WORK TO COMPLETE -
Print, word for word, only the lines from the one with "1951 Olga Tritt" down to the last line of the listing below; no pictures.

EXERCISE DATA -
━━━━━━━━━━━━━━━━━━━━━━━━━━━━━━

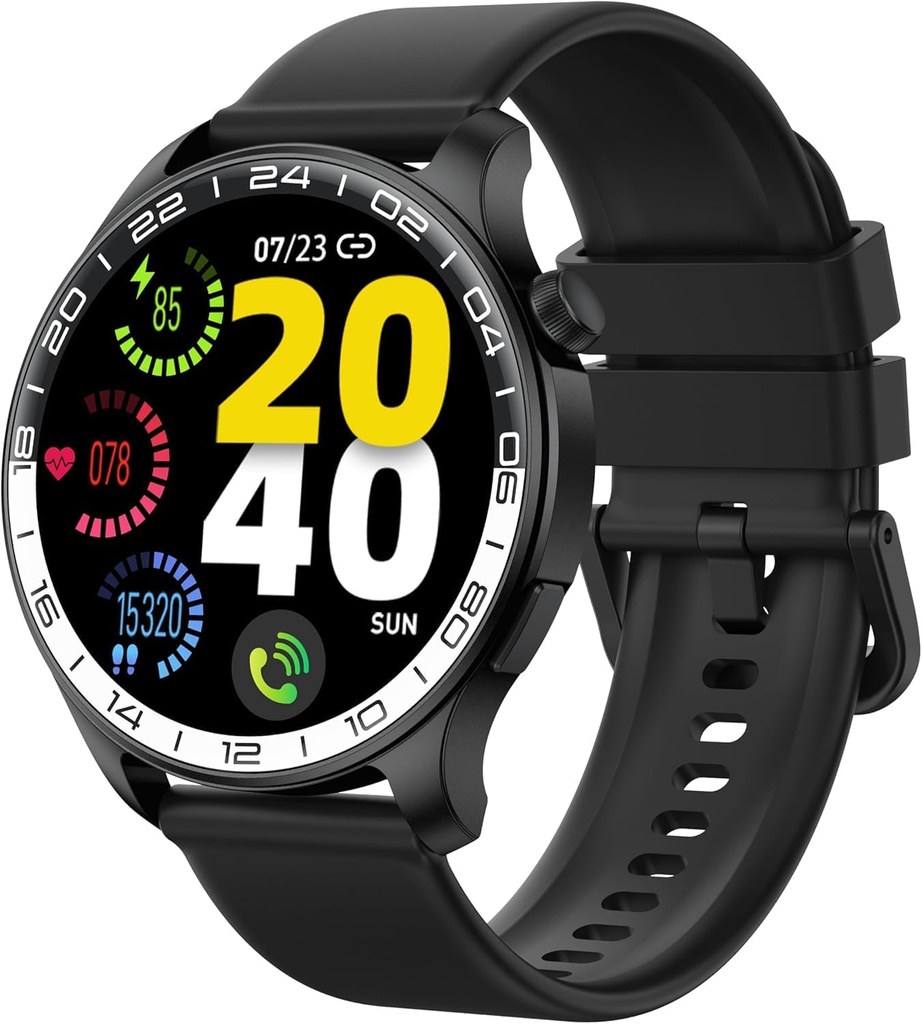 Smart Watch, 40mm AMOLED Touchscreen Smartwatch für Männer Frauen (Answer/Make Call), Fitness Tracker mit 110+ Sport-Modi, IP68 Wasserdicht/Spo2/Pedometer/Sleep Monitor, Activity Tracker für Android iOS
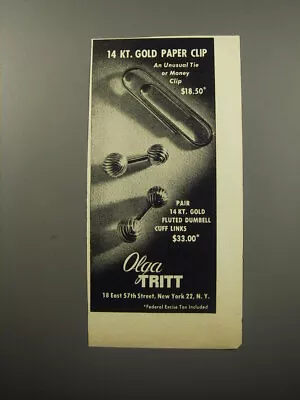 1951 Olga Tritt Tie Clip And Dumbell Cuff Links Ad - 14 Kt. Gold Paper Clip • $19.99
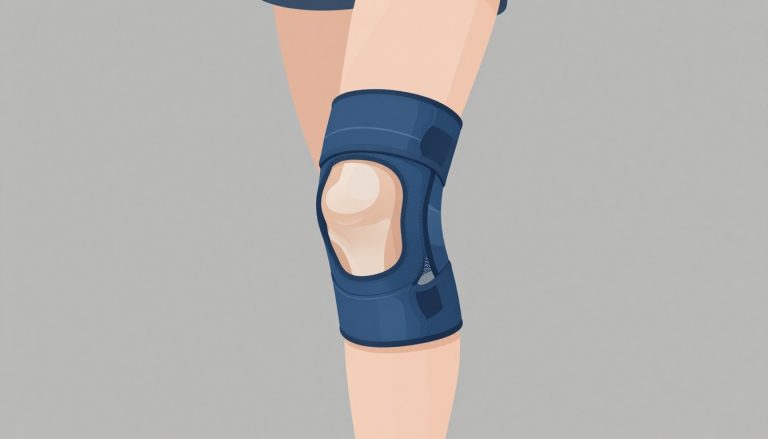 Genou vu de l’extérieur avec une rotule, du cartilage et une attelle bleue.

━━━━━━━━━━━━━━━━━━━━━━━━━━━━━━

ANSWER FOR THIS EXERCISE -
 1951 Olga Tritt Tie Clip And Dumbell Cuff Links Ad - 14 Kt. Gold Paper Clip • $19.99
 Genou vu de l’extérieur avec une rotule, du cartilage et une attelle bleue.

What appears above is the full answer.